Um pecado do executivo, aos olhos de Lula, teria sido a nomeação, para diretor de assuntos regulatórios, de Marcelo Sampaio, ex-número dois de Tarcísio de Freitas, ministro da Infraestrutura de Bolsonaro e atual governador de São Paulo. Sampaio é genro do general Ramos, ministro da Secretaria-Geral da Presidência de Bolsonaro.

Além disso, de acordo com pessoas familiarizadas com o dia a dia da Vale, o Planalto estaria mais satisfeito se a gigante da mineração buscasse, em seus projetos, maior alinhamento com o “interesse público”, por exemplo, planejando ferrovias que favoreçam o fluxo de passageiros.

A boa disposição do governo federal ajudaria a desatar o nó da repactuação do acordo sobre a tragédia de Mariana, em 2015, apurou o Estadão/Broadcast. Na época, uma barragem da Samarco (que pertence à Vale e à BHP) se rompeu, levando à morte de 19 pessoas e a um desastre ambiental.

Recentemente, em evento com analistas e investidores, Bartolomeo disse que a Vale quer chegar a um acordo no caso de Mariana semelhante ao que conseguiu em Brumadinho. Em 2021, foi celebrado um acordo judicial para reparação integral, no total de R$ 37,7 bilhões. Já no caso de Mariana, as negociações se arrastam, trazendo insegurança jurídica, com as autoridades públicas insistindo em R$ 126 bilhões para fechar o acordo. Uma decisão política, no entendimento de observadores, poderia ajudar a desatar o nó.

Blindagem

Desde meados do ano, rumores sobre a intenção do governo federal de interferir no processo de sucessão afetaram as conversas sobre o tema. O presidente Lula teria a intenção de colocar na cadeira de presidente da Vale o ex-ministro da Fazenda Guido Mantega. O nome não foi bem recebido pelo mercado, muito menos o aceno de ingerência.

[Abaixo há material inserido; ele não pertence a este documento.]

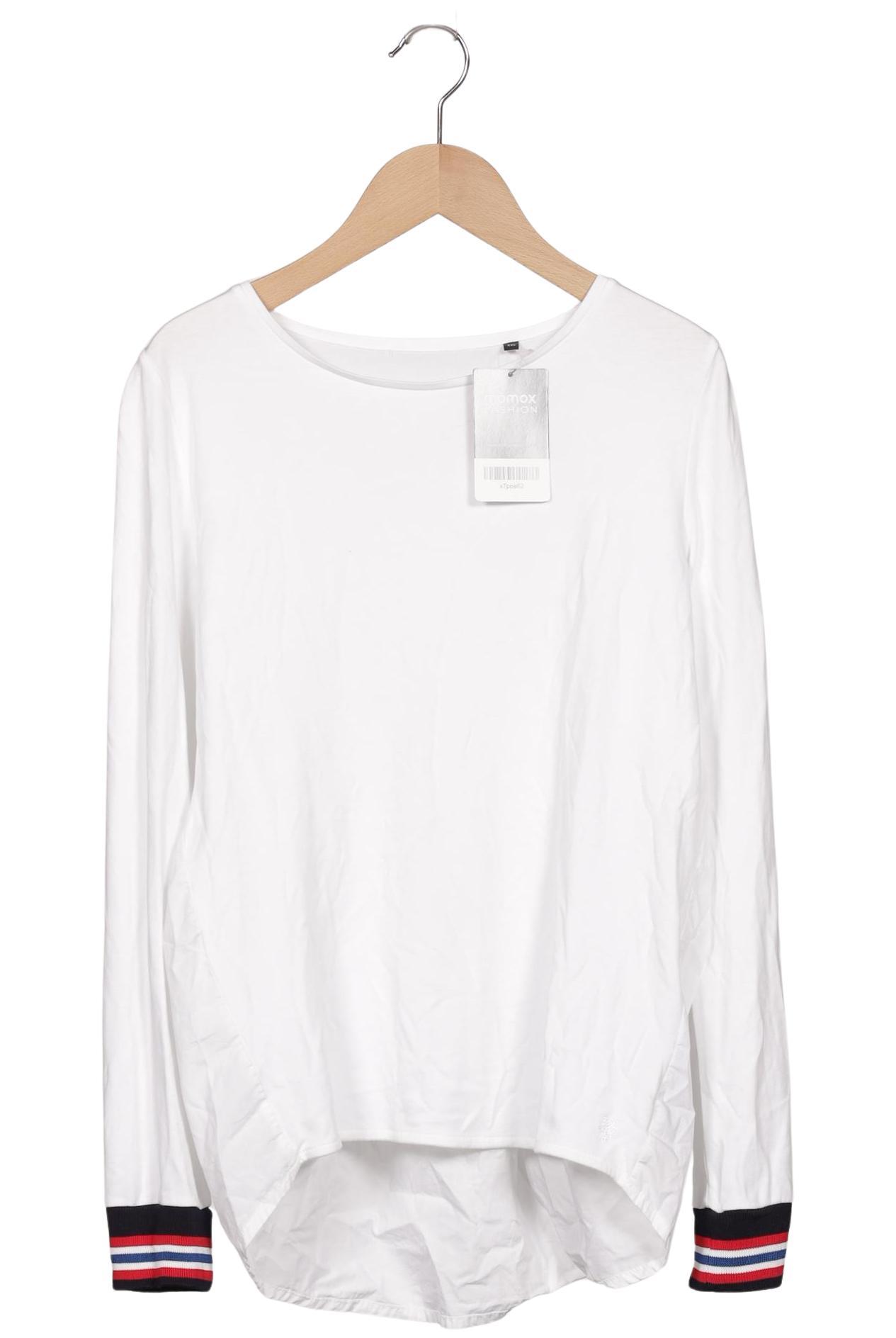 

Marc O Polo Damen Langarmshirt, weiß, Gr. 32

Em agosto, o Citi avaliou em relatório como “bastante improvável” a troca do CEO da mineradora. “O governo brasileiro é um importante stakeholder da Vale, ao lado de empregados, comunidades, acionistas, mas, de acordo com o estatuto da Vale, selecionar o CEO é responsabilidade do Conselho de Administração (Artigo 14)”, lembraram os analistas do banco.

“O conselho teria de ser convencido de que uma mudança seria benéfica para a companhia. O conselho atual tem forte presença de membros independentes que representam uma base de acionistas diversificada.”

Essa situação teria mostrado, para o presidente da República, que as coisas não são mais como em 2011, quando o petista influenciou na saída de Roger Agnelli do comando da Vale. Desde 2017, quando a mineradora se tornou uma “corporation”, como são chamadas as empresas sem controle definido, a Vale adotou uma série de medidas para evitar a ingerência política em sua operação. E, em 2021, o BNDESPar, braço de participações do BNDES, finalizou a venda das ações da Vale que ainda mantinha. “As decisões agora são tomadas dentro da nova governança”, frisou uma pessoa ligada à empresa.

O Conselho de Administração da Vale é formado por 13 conselheiros, sendo 8 independentes. Destes, três são estrangeiros, com experiência em mineração. Sobre eles, recai a expectativa de avaliações “técnicas”, mais que políticas. Há ainda um estrangeiro ligado ao segundo maior sócio individual, o conglomerado japonês Mitsui, que detém 6,31% do capital social da companhia.

A maior acionista individual da Vale, com 8,71%, é a Previ, fundo de previdência dos funcionários do Banco do Brasil, que deve puxar a oposição a Bartolomeo, de acordo com pessoas que acompanham as discussões. A entidade fez duas indicações para o conselho, e sua capacidade de influenciar os outros conselheiros será determinante para o futuro de Bartolomeo na Vale.

Novos nomes

Enquanto os conselheiros observam o panorama, nomes de executivos conhecidos entram no páreo das especulações. Um deles é o de Luis Henrique Guimarães, conselheiro da Vale e ex-CEO da Cosan, do empresário Rubens Ometto, que tem uma fatia de 4,9% no capital da mineradora. Outro é o de Walter Schalka, CEO da Suzano. Eduardo Parente, presidente do grupo de educação Yduqs, também foi lembrado em conversas de bastidores.

Nenhum deles, porém, chega a ser notório pelos laços com Brasília.

Também foi ventilado o nome de Paulo Rogério Caffarelli, ex-CEO da Cielo e do Banco do Brasil, que hoje comanda a holding financeira Simpar. O executivo teve experiência no setor público: foi secretário-executivo do Ministério da Fazenda, de 2014 a 2015, na gestão de Dilma Rousseff.